Вот недаром говорят, что разделить радость гораздо труднее, чем горе, – это правда. Горе вещь очевидная: кому-то плохо, и оттого, что мы поахаем, повсплескиваем руками, повторим 10 раз "Держись, старик!", мы сами вроде как становимся лучше – ну, пожалели же. А вот если с человеком, пусть с тем же самым, приключится что-нибудь хорошее – это ведь никак меня, любимого, не возвышает, я даже как-то теряюсь в лучах чужой удачи. И это, честно говоря, плохо о нас говорит. Вот и при награждении Муратова не смогли выдохнуть единственно возможное – аксиос, достоин, не сумели разделить его радость.

У этого отсутствия сорадования есть и ещё одна сторона, оборотная, – если, не дай Бог, на Муратова начнутся гонения, вряд ли толпы народа встанут стеной за "Новую газету", как в 2001-м толпы не стали стеной за разгромленное НТВ. Да что там Муратов, а когда с 2012 года громили российские НКО, превращая в "иностранных агентов" тех, кто помогал инвалидам, диабетикам, ВИЧ-положительным, призывникам, заключенным, мигрантам, людям из ЛГБТ-сообщества, женщинам, пережившим насилие, да кому угодно – за сотрудников НКО, в большинстве своём бескорыстных и самоотверженных, кто-нибудь заступился? Даже из тех, кому они годами помогали, что-то мы не видели на улицах – когда на улицы ещё можно было выходить – людей с плакатами "Руки прочь от такого-то НКО!"

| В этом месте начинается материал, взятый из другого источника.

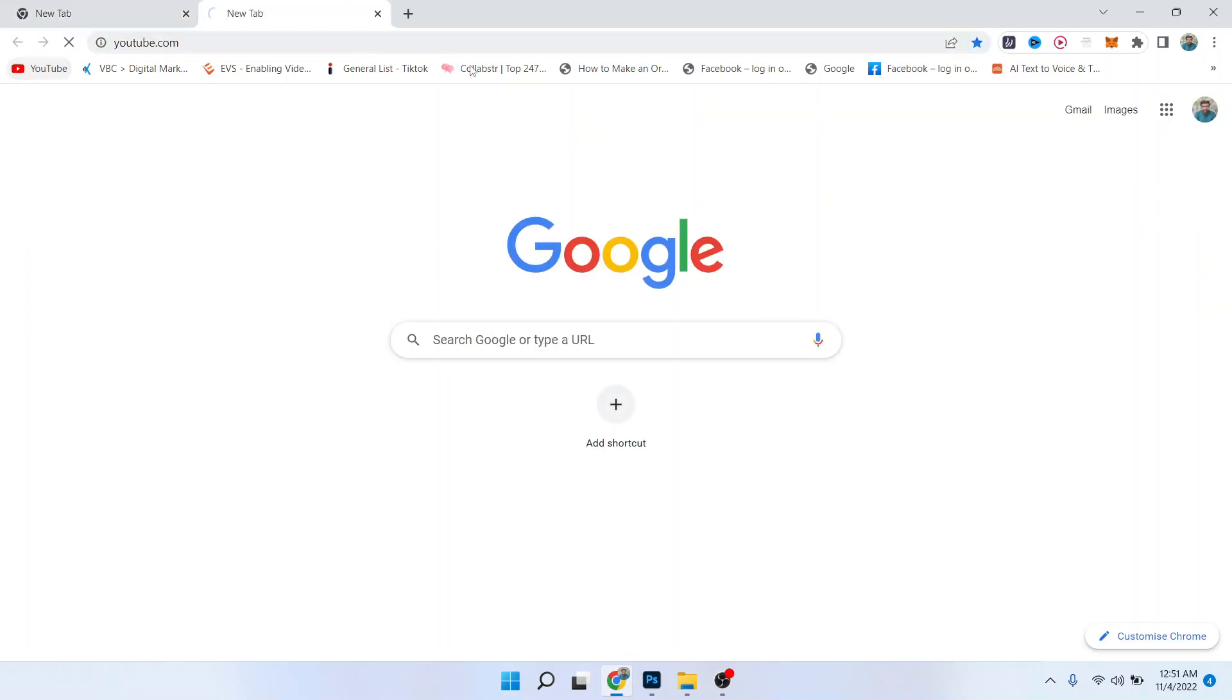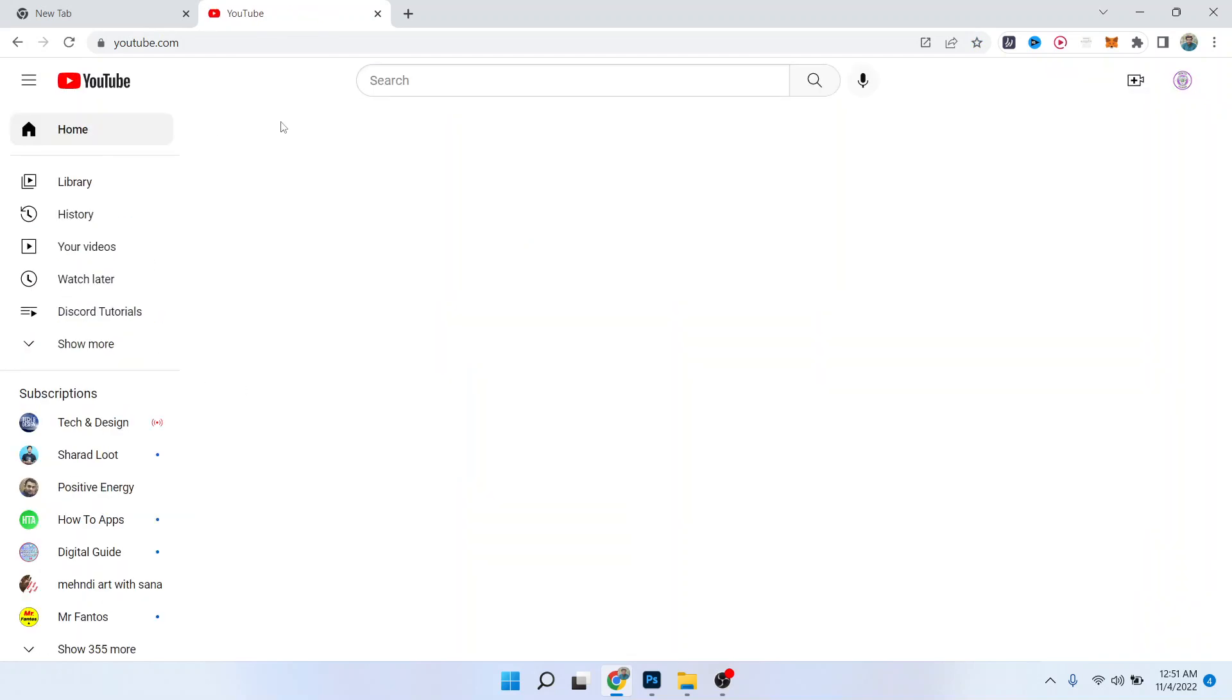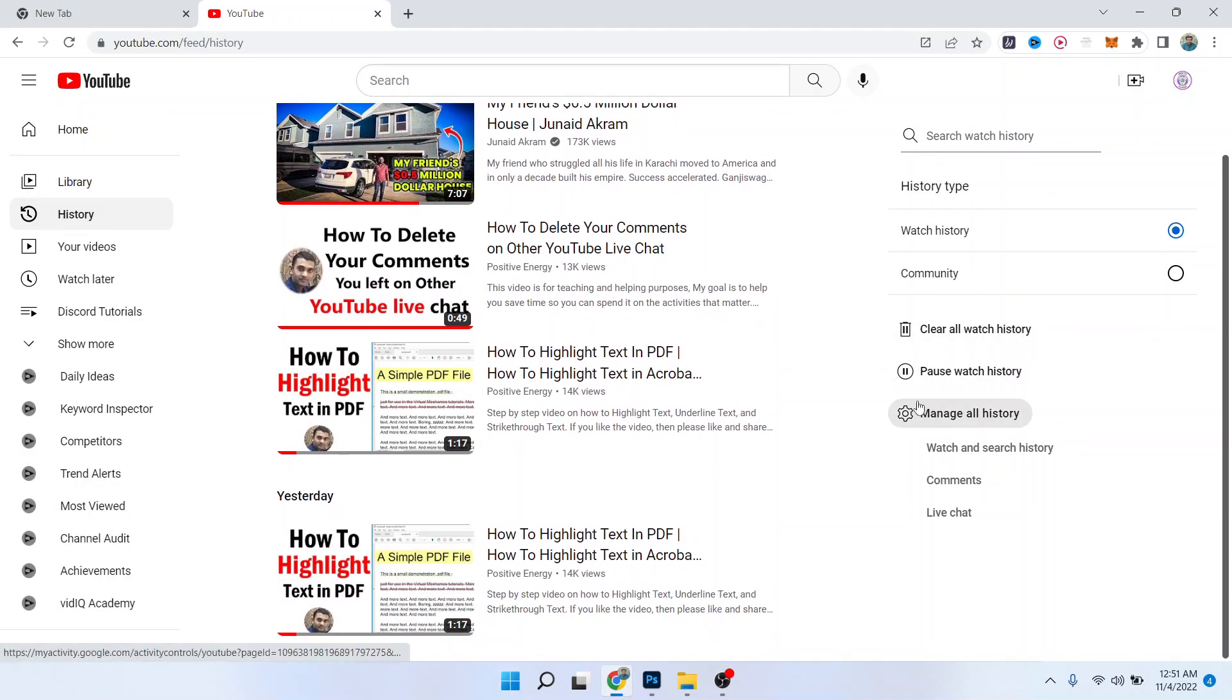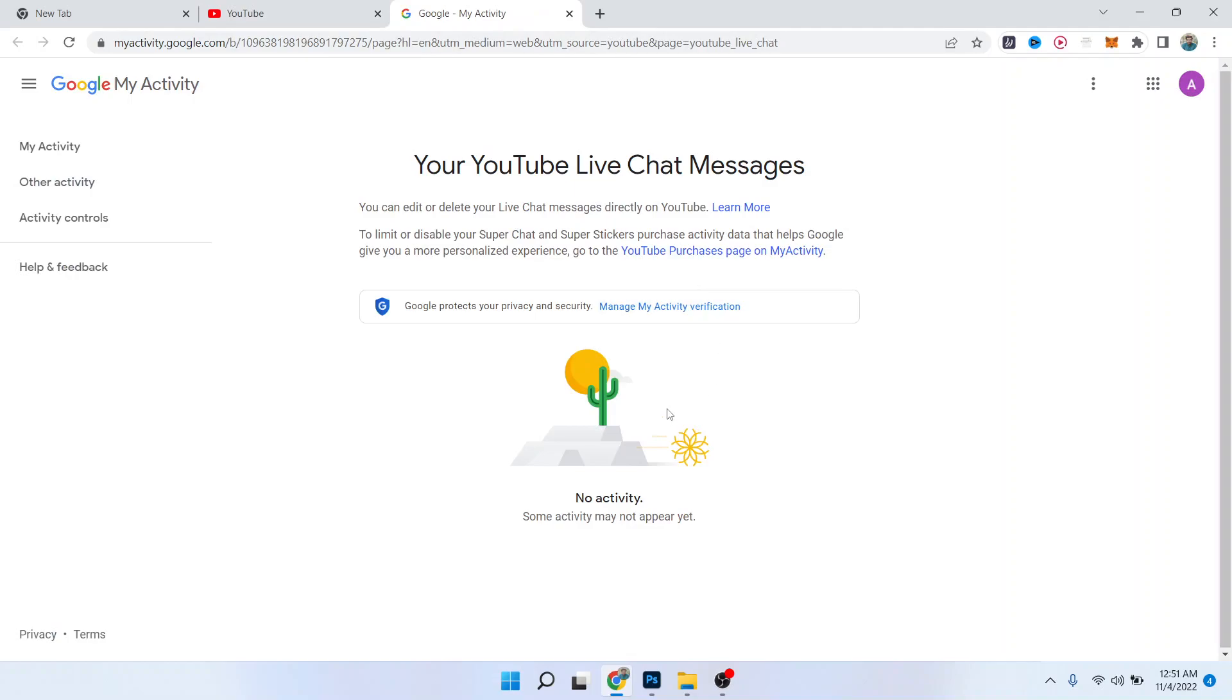So first, you simply need to open YouTube. Once you open YouTube, you simply need to click on History, and here you can see the option of Live Chat. You can click on that.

А сейчас, когда "Солдатские матери Петербурга" объявили, что больше не смогут помогать военнослужащим, потому что ФСБ выкатила очередной список, чего нельзя – и теперь нельзя всё, разве заступились за них мамы тех солдат, которым они помогли, написали хоть какое-нибудь открытое письмо? А ведь таких – тысячи. Видимо, им всё равно, что теперь уже нельзя в слезах позвонить правозащитникам и спросить, что делать, если моего сына, Иванова, Петрова, Сидорова, избивают в такой-то части, ибо этим звонком ты, преступная мать, разглашаешь сведения о морально-психологическом климате в армии, а этого делать нельзя. И пусть твой сын умрет от побоев и издевательств, это будет по закону и во славу государства, а рассказать об этом и сделать так, чтобы его не убили, – это не по закону и роняет государство мордой в грязь.

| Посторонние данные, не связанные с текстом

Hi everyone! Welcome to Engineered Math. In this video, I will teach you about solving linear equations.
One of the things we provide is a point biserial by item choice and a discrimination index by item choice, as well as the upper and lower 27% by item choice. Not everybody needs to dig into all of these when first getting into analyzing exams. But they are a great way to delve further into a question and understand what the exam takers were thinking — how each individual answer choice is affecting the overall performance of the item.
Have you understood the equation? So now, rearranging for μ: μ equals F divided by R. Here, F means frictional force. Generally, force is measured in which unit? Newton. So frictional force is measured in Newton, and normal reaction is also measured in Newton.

В основе покорства и страха – глубокое убеждение, что от тебя ничего не зависит

Кто-нибудь может подумать, что я обвиняю этих беззащитных (теперь уже окончательно беззащитных) женщин, но это не так. У меня нет на это никакого права, тем более что я знаю, в какой стране мы все росли. Умные люди уже много раз написали, что человек не в силах противостоять тоталитарному государству – противостоять надо, пока режим не установился, а потом уже поздно, только успевай зарывать трупы. Вот и успевали, и дрожали ночами при шорохе шин, и писали доносы – не только потому, что хочется отхватить комнату соседа по коммуналке, а потому что страшно не написать. Убиты ведь не только расстрелянные, покалечены не только прошедшие лагеря, но и все остальные, кто это видел и молчал, кто не хотел видеть и понимать, потому что это слишком страшно. Они стали покорными и непонимающими – за редчайшими исключениями, – и они-то нас родили, вырастили и воспитали.

В основе покорства и страха – глубокое убеждение, что от тебя ничего не зависит. Мне кажется, что скептическое отношение к НКО – это наследие советского сознания, из которого калёным железом выжигалось всякое понятие о благотворительности: ведь если нужна благотворительность, значит, советские граждане в чём-то нуждаются, а это уже поклёп на лучшее в мире государство, которое всё всем дает в избытке. Так и не оценили энтузиастов, помогавших ближним, и позволили затоптать их организации, дело всей жизни, ростки прекрасной России будущего. И их придется выращивать заново.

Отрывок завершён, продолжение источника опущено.